··· INPUT DATA
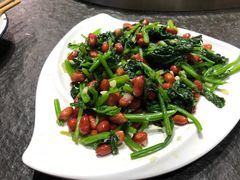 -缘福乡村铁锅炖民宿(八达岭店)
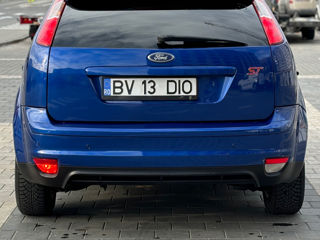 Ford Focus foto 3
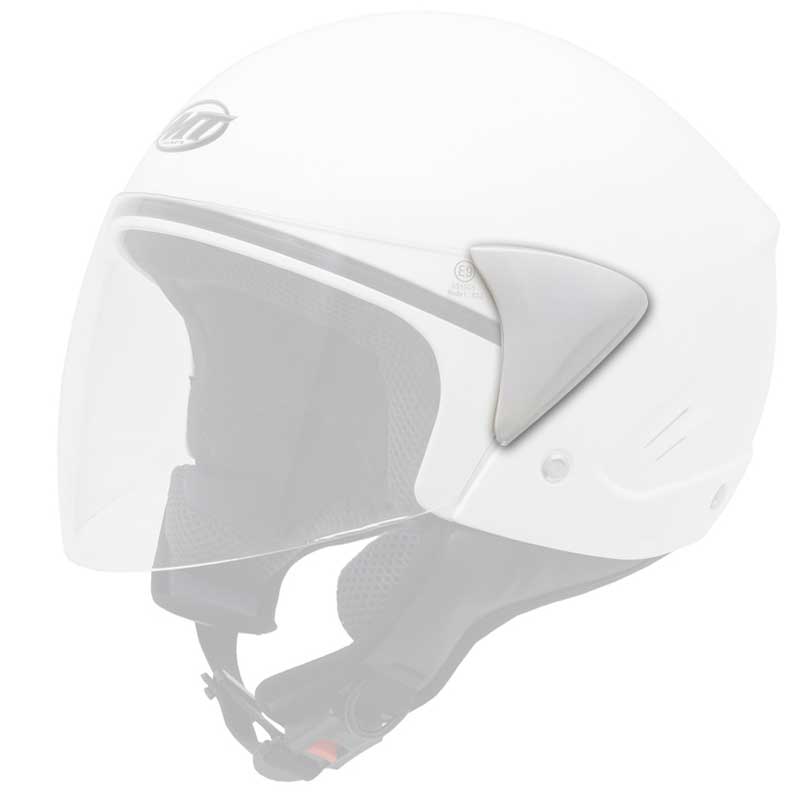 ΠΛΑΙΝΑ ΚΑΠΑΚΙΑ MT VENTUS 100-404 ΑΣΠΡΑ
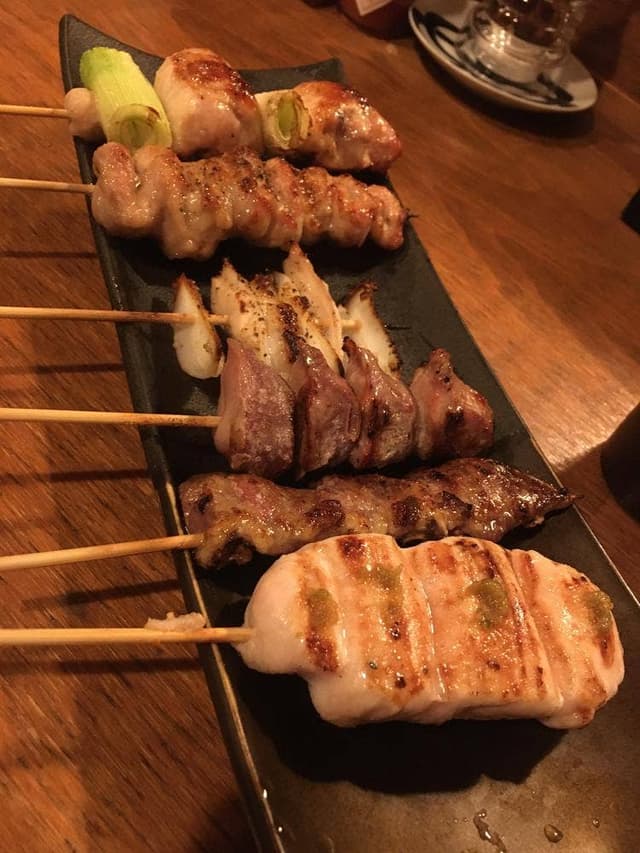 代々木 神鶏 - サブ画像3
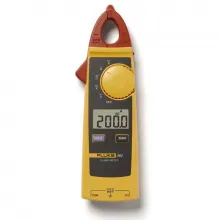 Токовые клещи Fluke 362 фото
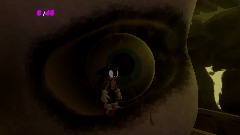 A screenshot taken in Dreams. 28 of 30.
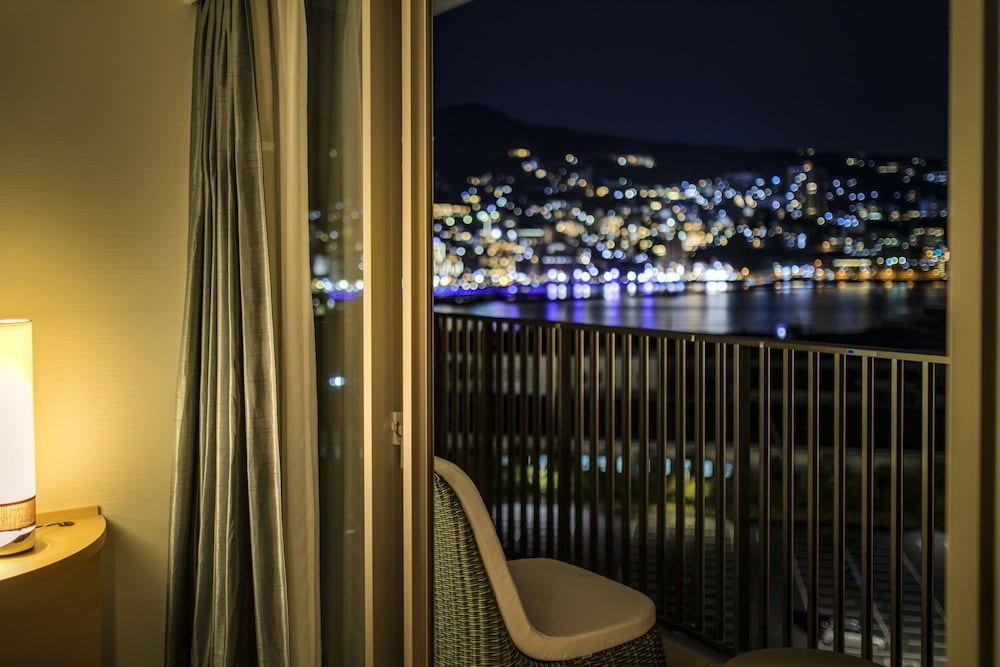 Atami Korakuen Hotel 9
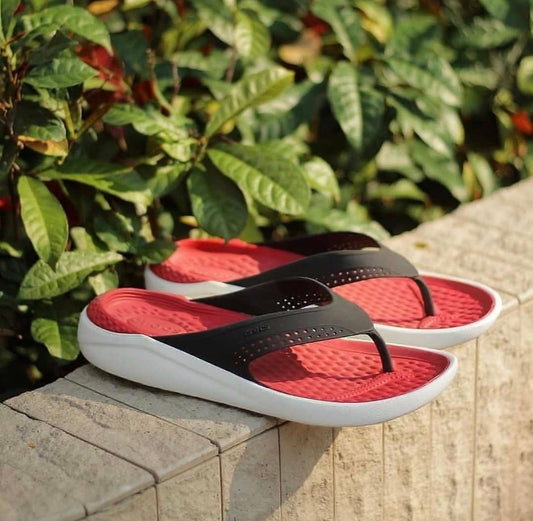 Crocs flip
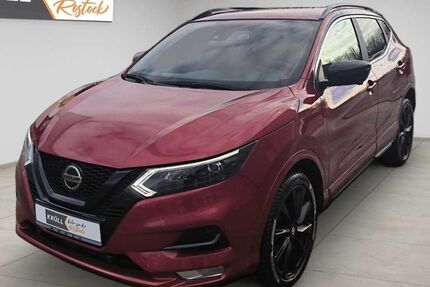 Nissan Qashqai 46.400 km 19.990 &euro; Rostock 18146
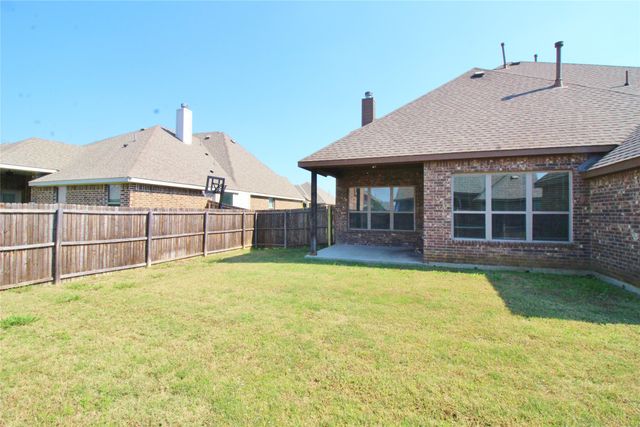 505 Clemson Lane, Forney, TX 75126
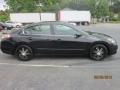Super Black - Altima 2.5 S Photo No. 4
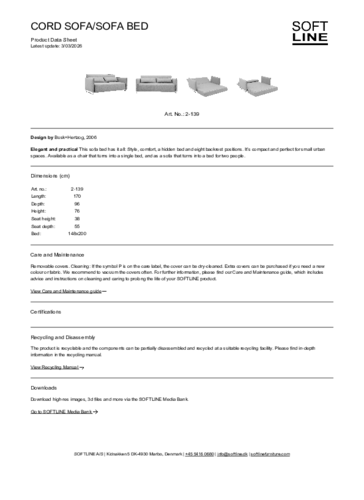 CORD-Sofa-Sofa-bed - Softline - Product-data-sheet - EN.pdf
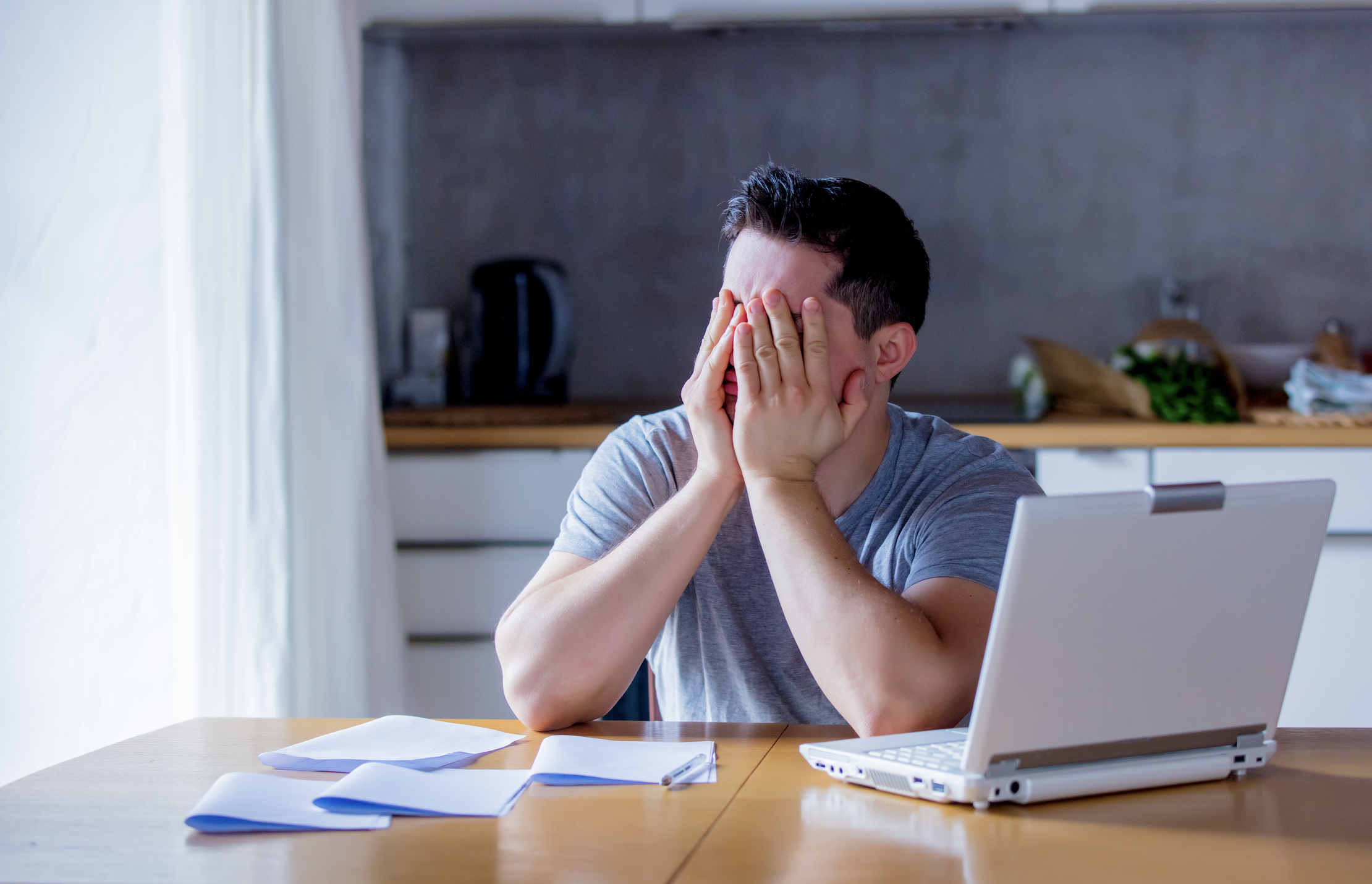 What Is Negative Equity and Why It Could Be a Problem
······
TASK DETAILS =
Set down exactly, line for line, the data from the line that contains "A screenshot taken in Dreams. 28 of 30." through its last line, keeping pictures out.

WRITTEN RESPONSE =
 A screenshot taken in Dreams. 28 of 30.
 Atami Korakuen Hotel 9
 Crocs flip
 Nissan Qashqai 46.400 km 19.990 &euro; Rostock 18146
 505 Clemson Lane, Forney, TX 75126
Super Black - Altima 2.5 S Photo No. 4
 CORD-Sofa-Sofa-bed - Softline - Product-data-sheet - EN.pdf
 What Is Negative Equity and Why It Could Be a Problem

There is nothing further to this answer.